Although the bulk of his money has been spent on Missouri politics, Sinquefield and his team have spread the gospel of tax cuts to governors and lawmakers in other states, including Louisiana, Nebraska and Oklahoma. Sinquefield called the big program of tax cuts enacted in Kansas under Republican Gov. Sam Brownback “a stroke of genius.” During an appearance on St. Louis Public Radio in January, Sinquefield said that the growing budget shortfall in Kansas “has very little to do with taxes per se,” blaming it on poor revenue projection instead.

Despite a shortage of evidence from the Kansas experiment thus far, Sinquefield is a believer in the domino theory of state tax rates. If a state lowers its taxes, he argues, its neighbors are sure to follow. Sinquefield wants Missouri to eliminate personal and corporate income taxes altogether, partially replacing the lost revenue with a broader sales tax that would be capped at 7 percent. “He was one of the guys early on who really started to see the connection between low-tax policies and growth,” says Stephen Moore, chief economist at the conservative Heritage Foundation and, along with Sinquefield, co-author of a book last year arguing that lower taxes and anti-union policies drive economic and population growth. “A huge number of states are looking at cutting rates,” Moore says, “and state taxes are a lot lower than they were 10 years ago.”

No one outside Sinquefield’s orbit seems to believe that Missouri is about to eliminate its income tax. But Sinquefield has good reason to believe further tax cuts are coming down the road. Even if Hanaway fails to win the nomination for governor, the eventual GOP nominee will likely favor tax reduction. That’s also the position of the probable Democratic nominee, state Attorney General Chris Koster, who has received large donations from Sinquefield in the past. “We’re playing offense and the other side is constantly and chronically playing defense,” Sinquefield said a few years back.

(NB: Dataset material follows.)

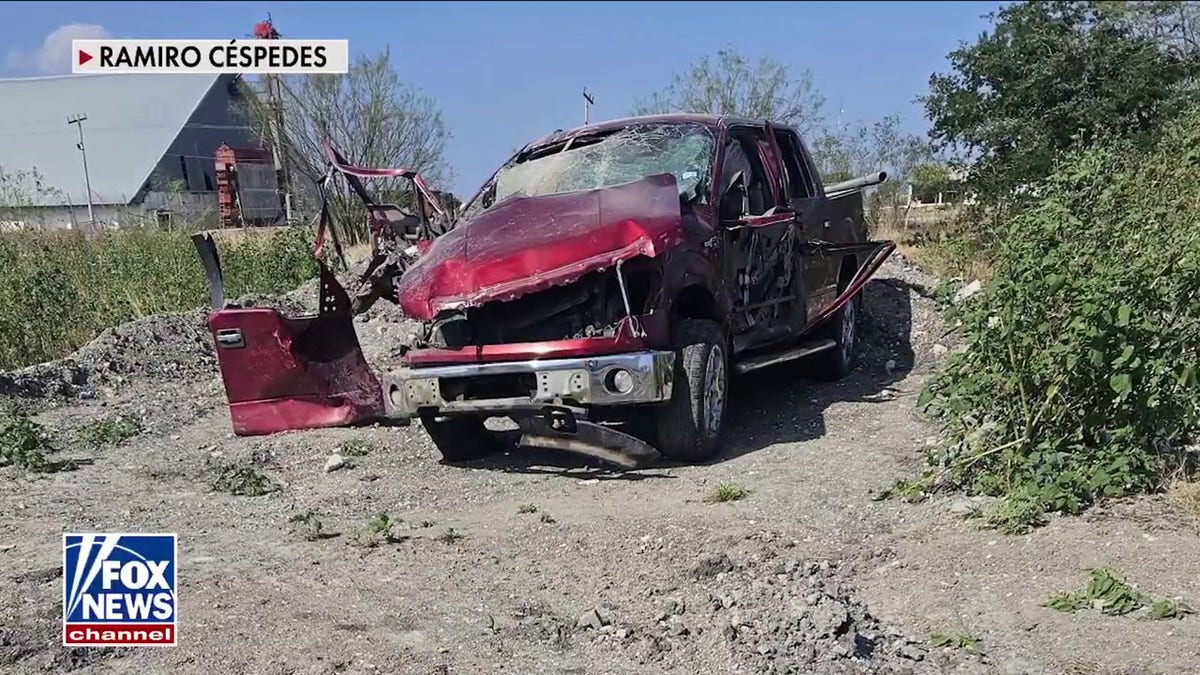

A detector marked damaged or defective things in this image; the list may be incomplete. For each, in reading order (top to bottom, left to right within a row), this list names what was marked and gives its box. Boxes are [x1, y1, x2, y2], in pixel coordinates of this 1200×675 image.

crumpled hood [396, 174, 684, 322]
destroyed red pickup truck [192, 113, 896, 468]
damaged truck bed [197, 112, 892, 470]
shattered windshield [466, 121, 712, 217]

Even the biggest donor in a state is not going to win every political battle. Still, although Sinquefield has not enjoyed nearly the level of return on his political investments that he found in the financial markets, he clearly has plenty of money left for both charity and political campaigns. “Candidly, they’ve wasted a lot of their money through bad decisions,” says Holden, the former governor, “but they’ve got the money to waste.”

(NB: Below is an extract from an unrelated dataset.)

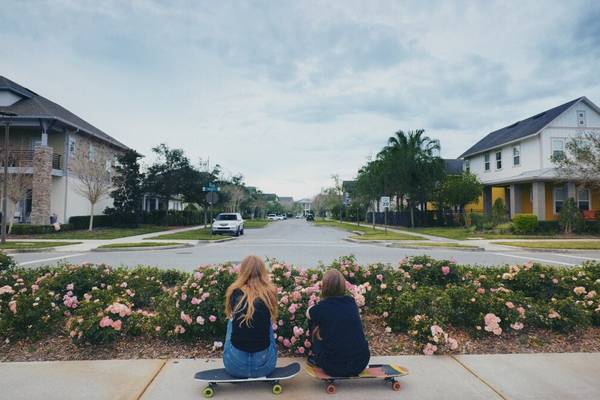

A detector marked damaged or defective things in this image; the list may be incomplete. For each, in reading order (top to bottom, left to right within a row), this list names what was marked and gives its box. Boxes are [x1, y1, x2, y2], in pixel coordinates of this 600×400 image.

sidewalk crack [450, 356, 506, 400]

While many legislators have balked at parts of Sinquefield’s agenda, Sinquefield can take some satisfaction in the fact that many of his critics won’t be around all that long. House and Senate members in Missouri are limited to eight years in office; if the current cohort is hard to persuade, the next generation of legislators may feel it’s not worth the aggravation of standing up to him and enduring thousands of dollars in attack ads as their reward. And Sinquefield doesn’t intend to stop writing checks until he can succeed in reshaping Missouri more to his liking. He once grandiosely declared that he refused to die until his favored tax and education policies had been adopted. “There’s more coming down the pike,” says Travis Brown, Sinquefield’s lobbyist. “He’s got a very ambitious agenda.”